TensorRT ❓ [Question] Running LayerNorm in fp16

❓ Question

What you have already tried

I am trying to convert a transformer model to TRT in fp16 (fp32 works fine 🙂). It includes bunch of LayerNorms, all of them have explicit casting of inputs to fp32, i.e:

class LayerNormFP32(nn.LayerNorm):
    def forward(self, x):
        return super().forward(x.float()).type(x.dtype)
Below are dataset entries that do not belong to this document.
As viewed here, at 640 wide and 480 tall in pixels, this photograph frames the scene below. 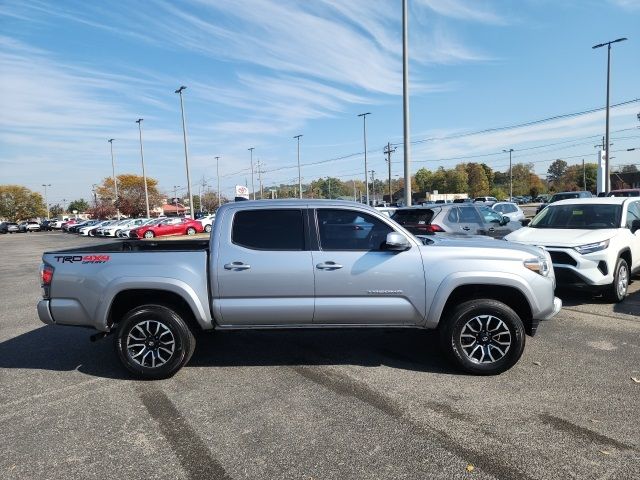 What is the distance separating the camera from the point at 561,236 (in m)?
7.94

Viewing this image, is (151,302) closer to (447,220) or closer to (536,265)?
(536,265)

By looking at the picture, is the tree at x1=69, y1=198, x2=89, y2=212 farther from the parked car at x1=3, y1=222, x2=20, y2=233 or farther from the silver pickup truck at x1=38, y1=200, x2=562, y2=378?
the silver pickup truck at x1=38, y1=200, x2=562, y2=378

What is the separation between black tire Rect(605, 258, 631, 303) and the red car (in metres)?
30.1

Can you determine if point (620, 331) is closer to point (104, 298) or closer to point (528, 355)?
point (528, 355)

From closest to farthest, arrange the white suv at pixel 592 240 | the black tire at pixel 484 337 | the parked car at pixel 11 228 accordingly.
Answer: the black tire at pixel 484 337, the white suv at pixel 592 240, the parked car at pixel 11 228

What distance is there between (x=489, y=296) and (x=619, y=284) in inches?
158

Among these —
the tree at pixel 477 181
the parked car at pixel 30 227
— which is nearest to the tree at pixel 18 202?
the parked car at pixel 30 227

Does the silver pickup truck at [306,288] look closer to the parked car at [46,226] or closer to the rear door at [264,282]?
the rear door at [264,282]

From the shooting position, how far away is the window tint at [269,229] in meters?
4.84

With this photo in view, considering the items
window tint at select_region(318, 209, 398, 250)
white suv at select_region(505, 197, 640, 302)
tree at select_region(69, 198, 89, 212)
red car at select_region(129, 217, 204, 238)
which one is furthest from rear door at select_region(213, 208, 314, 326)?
tree at select_region(69, 198, 89, 212)

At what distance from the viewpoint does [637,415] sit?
Answer: 3.75 meters

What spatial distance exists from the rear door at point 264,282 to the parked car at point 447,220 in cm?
571

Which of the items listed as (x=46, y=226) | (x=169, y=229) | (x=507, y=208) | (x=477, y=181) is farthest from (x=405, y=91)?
(x=477, y=181)

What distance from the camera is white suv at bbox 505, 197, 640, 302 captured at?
7.28 meters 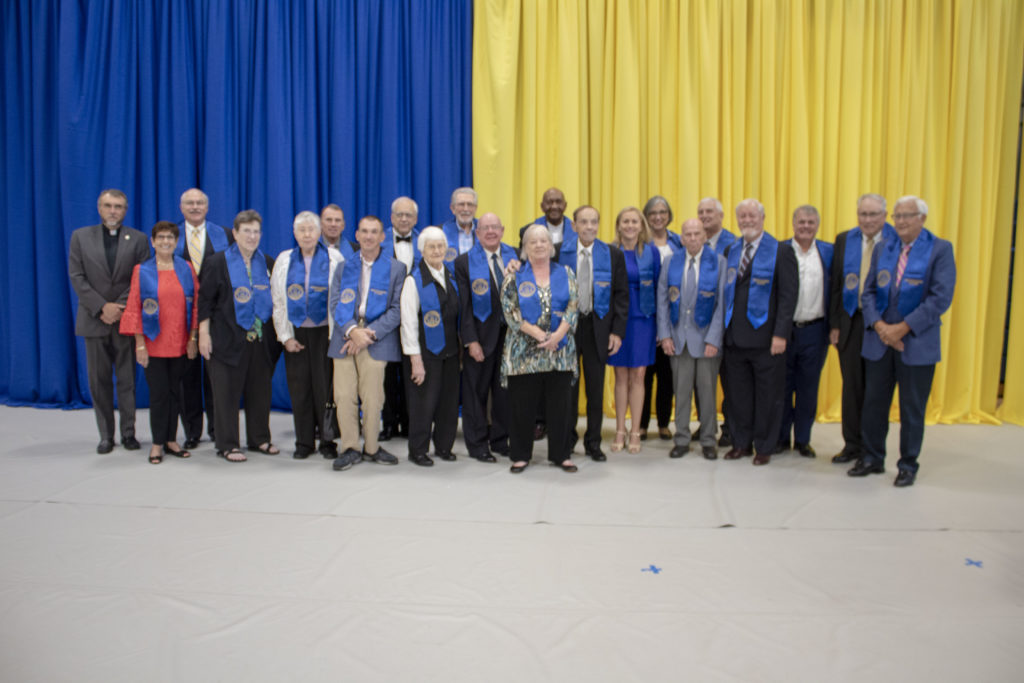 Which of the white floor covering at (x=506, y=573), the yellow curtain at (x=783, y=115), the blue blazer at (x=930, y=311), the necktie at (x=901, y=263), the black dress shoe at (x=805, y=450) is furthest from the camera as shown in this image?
the yellow curtain at (x=783, y=115)

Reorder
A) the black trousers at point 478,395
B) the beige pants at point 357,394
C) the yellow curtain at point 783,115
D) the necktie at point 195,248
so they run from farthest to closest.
Answer: 1. the yellow curtain at point 783,115
2. the necktie at point 195,248
3. the black trousers at point 478,395
4. the beige pants at point 357,394

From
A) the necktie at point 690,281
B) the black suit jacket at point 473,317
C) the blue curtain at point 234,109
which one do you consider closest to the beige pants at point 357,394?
the black suit jacket at point 473,317

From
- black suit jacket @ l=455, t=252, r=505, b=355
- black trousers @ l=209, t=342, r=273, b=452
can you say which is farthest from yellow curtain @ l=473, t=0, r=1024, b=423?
black trousers @ l=209, t=342, r=273, b=452

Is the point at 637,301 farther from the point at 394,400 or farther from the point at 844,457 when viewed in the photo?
the point at 394,400

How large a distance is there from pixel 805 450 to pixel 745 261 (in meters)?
1.19

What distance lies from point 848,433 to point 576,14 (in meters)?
3.49

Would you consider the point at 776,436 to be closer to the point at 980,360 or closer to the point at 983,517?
the point at 983,517

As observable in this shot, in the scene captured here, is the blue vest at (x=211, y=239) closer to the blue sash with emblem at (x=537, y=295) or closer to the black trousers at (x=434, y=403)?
the black trousers at (x=434, y=403)

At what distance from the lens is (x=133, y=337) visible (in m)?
4.33

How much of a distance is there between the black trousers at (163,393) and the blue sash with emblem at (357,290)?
1.05 m

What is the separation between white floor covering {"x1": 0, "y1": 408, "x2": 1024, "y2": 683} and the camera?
6.73 ft

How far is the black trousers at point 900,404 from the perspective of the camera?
362 cm

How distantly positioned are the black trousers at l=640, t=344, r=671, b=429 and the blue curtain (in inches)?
80.6

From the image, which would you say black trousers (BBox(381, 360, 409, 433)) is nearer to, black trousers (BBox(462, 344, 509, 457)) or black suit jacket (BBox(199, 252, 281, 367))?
black trousers (BBox(462, 344, 509, 457)) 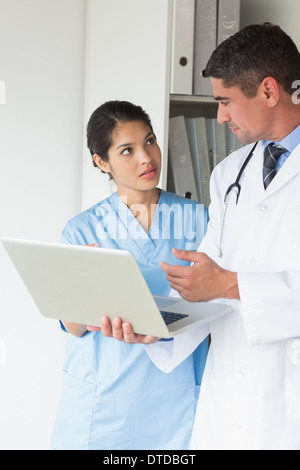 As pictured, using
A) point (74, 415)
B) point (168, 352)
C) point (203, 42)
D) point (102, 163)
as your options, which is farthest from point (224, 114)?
point (74, 415)

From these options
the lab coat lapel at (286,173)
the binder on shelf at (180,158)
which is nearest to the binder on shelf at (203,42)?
the binder on shelf at (180,158)

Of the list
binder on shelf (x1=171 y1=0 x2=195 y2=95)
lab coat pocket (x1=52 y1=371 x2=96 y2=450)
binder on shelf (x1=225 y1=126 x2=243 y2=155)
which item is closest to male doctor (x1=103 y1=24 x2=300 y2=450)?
lab coat pocket (x1=52 y1=371 x2=96 y2=450)

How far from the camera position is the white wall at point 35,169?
210cm

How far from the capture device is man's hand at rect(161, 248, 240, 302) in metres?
1.13

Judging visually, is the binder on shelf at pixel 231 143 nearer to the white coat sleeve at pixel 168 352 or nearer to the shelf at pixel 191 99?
the shelf at pixel 191 99

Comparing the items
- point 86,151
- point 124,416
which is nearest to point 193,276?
point 124,416

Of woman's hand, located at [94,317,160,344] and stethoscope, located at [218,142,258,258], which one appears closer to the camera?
woman's hand, located at [94,317,160,344]

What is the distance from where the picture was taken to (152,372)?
1.54 meters

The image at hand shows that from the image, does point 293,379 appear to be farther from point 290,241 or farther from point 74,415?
point 74,415

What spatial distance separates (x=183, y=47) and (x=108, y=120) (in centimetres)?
42

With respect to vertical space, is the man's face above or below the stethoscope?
above

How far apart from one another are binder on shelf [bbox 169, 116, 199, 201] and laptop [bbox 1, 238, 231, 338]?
834 mm

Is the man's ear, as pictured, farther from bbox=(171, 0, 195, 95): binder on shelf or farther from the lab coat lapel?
bbox=(171, 0, 195, 95): binder on shelf
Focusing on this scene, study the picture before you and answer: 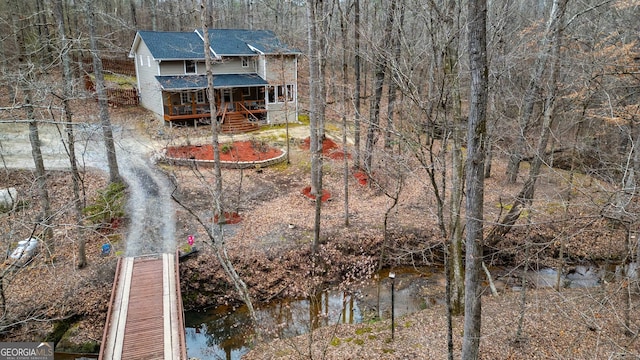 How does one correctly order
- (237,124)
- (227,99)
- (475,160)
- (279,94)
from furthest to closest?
1. (279,94)
2. (227,99)
3. (237,124)
4. (475,160)

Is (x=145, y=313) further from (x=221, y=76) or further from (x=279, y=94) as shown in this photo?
(x=279, y=94)

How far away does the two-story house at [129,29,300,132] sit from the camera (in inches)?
1026

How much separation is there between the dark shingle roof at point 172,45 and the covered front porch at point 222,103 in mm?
Answer: 1421

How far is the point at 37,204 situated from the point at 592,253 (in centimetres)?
2202

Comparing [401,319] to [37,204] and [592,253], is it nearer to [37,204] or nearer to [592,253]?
[592,253]

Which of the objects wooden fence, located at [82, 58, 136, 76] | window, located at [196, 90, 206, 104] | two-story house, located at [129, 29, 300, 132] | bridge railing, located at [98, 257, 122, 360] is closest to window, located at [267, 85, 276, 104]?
two-story house, located at [129, 29, 300, 132]

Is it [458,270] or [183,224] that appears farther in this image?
[183,224]

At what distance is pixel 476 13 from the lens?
19.3ft

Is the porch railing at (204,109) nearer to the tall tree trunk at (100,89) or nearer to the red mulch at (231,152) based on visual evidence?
the red mulch at (231,152)

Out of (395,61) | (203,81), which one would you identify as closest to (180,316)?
(395,61)

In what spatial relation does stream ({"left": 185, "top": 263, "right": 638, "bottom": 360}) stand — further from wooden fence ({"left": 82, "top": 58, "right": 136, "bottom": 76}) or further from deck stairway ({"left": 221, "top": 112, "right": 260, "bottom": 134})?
wooden fence ({"left": 82, "top": 58, "right": 136, "bottom": 76})

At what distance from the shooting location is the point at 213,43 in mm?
27500

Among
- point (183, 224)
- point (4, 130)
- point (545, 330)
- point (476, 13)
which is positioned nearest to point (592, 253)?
point (545, 330)

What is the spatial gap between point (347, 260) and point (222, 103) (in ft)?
52.6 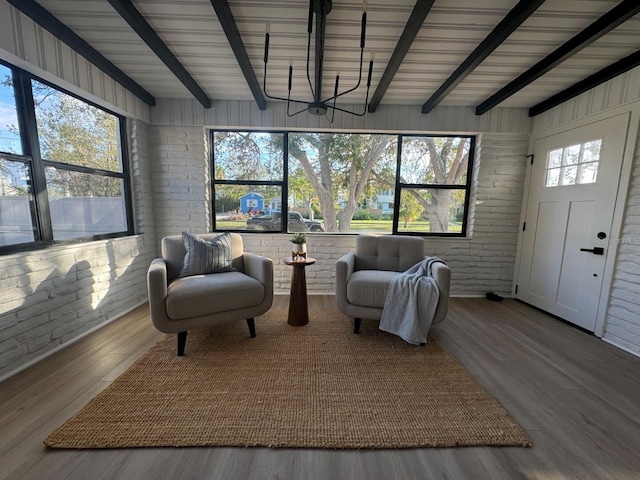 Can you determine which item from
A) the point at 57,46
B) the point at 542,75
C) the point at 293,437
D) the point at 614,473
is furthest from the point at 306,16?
the point at 614,473

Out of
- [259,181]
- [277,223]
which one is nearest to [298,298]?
[277,223]

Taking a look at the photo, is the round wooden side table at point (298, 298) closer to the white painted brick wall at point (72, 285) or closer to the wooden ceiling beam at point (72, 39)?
the white painted brick wall at point (72, 285)

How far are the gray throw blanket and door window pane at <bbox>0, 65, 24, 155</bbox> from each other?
2.83 meters

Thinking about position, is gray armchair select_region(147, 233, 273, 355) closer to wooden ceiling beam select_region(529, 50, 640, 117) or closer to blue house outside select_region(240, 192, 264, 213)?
blue house outside select_region(240, 192, 264, 213)

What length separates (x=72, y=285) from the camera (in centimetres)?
208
I am getting warnings about precisions of the layers:

WARNING: [Torch-TensorRT TorchScript Conversion Context] - Detected layernorm nodes in FP16: %126 : Tensor = aten::layer_norm(%input.9, %127, %self.decoder.layers.0.attn_ln.weight.1, %370, %129, %130), scope: __module.decoder/__module.decoder.layers.0/__module.decoder.layers.0.attn_ln
...
WARNING: [Torch-TensorRT TorchScript Conversion Context] - Running layernorm after self-attention in FP16 may cause overflow. Exporting the model to the latest available ONNX opset (later than opset 17) to use the INormalizationLayer, or forcing layernorm layers to run in FP32 precision can help with preserving accuracy.
WARNING: [Torch-TensorRT TorchScript Conversion Context] - TensorRT encountered issues when converting weights between types and that could affect accuracy.
WARNING: [Torch-TensorRT TorchScript Conversion Context] - If this is not the desired behavior, please modify the weights or retrain with regularization to adjust the magnitude of the weights.
WARNING: [Torch-TensorRT TorchScript Conversion Context] - Check verbose logs for the list of affected weights.
WARNING: [Torch-TensorRT TorchScript Conversion Context] - - 2 weights are affected by this issue: Detected FP32 infinity values and converted them to corresponding FP16 infinity.
WARNING: [Torch-TensorRT TorchScript Conversion Context] - - 27 weights are affected by this issue: Detected subnormal FP16 values.
WARNING: [Torch-TensorRT TorchScript Conversion Context] - - 3 weights are affected by this issue: Detected values less than smallest positive FP16 subnormal value and converted them to the FP16 minimum subnormalized value.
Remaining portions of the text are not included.